### Work to be completed:
Task for the records below: please copy exactly, and only, the lines from the one containing "Carregador iphone com" to the last line, both included, leaving out the pictures.

### Records:
☆ ☆ ☆ ☆

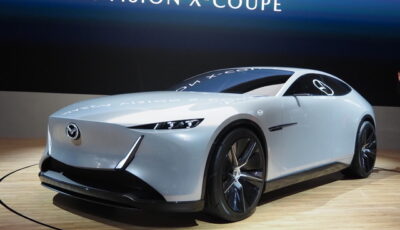 マツダ・ビジョン・クロスクーペ（ジャパンモビリティショー2025）。フェンダーのマークは映り込み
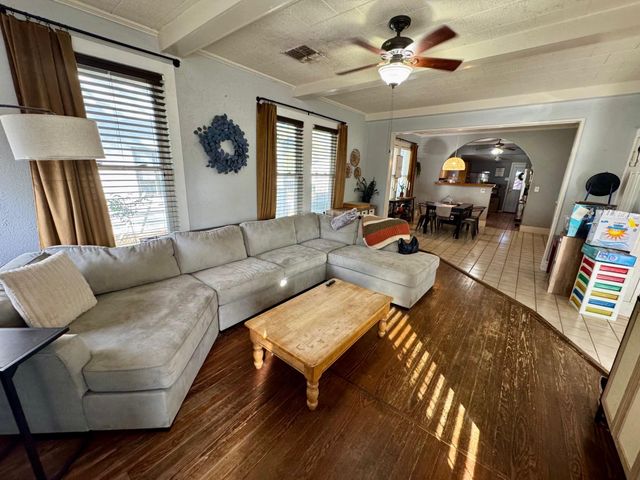 802 Hudgins ST, Smithville, TX 78957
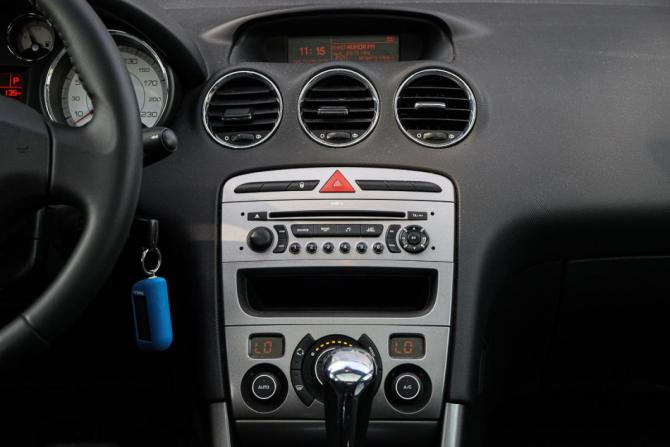 Peugeot 308 I с пробегом 2009 года, цена 490 000 рублей, 158151 км, универсал, Автокод Объявления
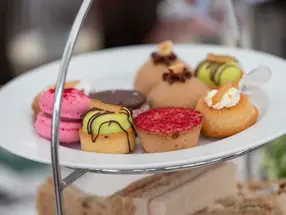 Four-course - Chef stations for appetisers, desserts and cheese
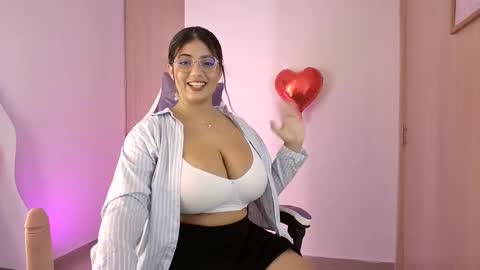 Agatha Owens online show from September 2025 01:31:02 AM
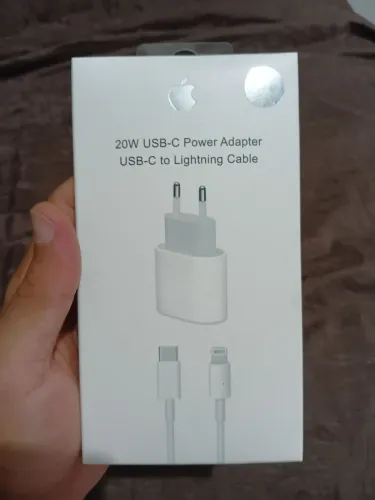 Carregador iphone com entrada type C na fonte.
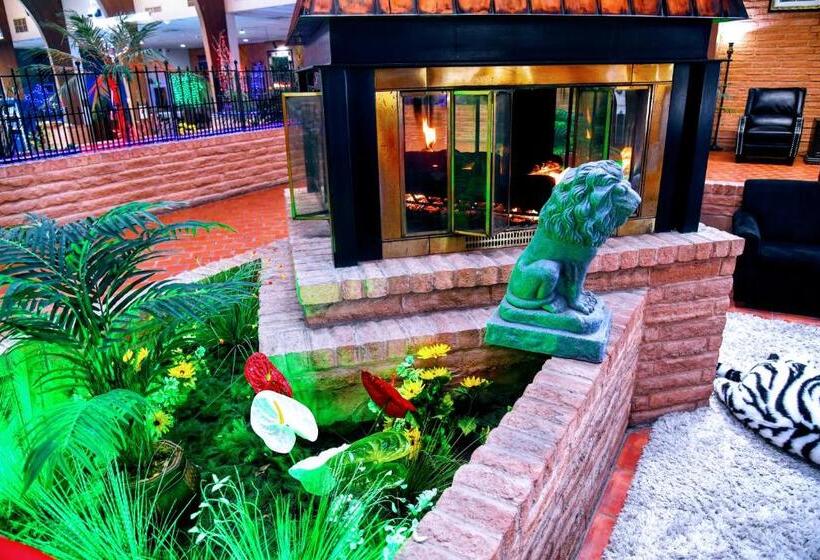 בית מלון כפרי Douglas Inn And Conference Center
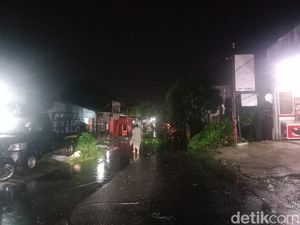 Mandala Medan Banjir karena Hujan Deras, di Perumnas Pohon Tumbang Mandala Medan Banjir karena Hujan Deras, di Perumnas Pohon Tumbang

☆ ☆ ☆ ☆

### Answer to the exercise:
 Carregador iphone com entrada type C na fonte.
 בית מלון כפרי Douglas Inn And Conference Center
 Mandala Medan Banjir karena Hujan Deras, di Perumnas Pohon Tumbang Mandala Medan Banjir karena Hujan Deras, di Perumnas Pohon Tumbang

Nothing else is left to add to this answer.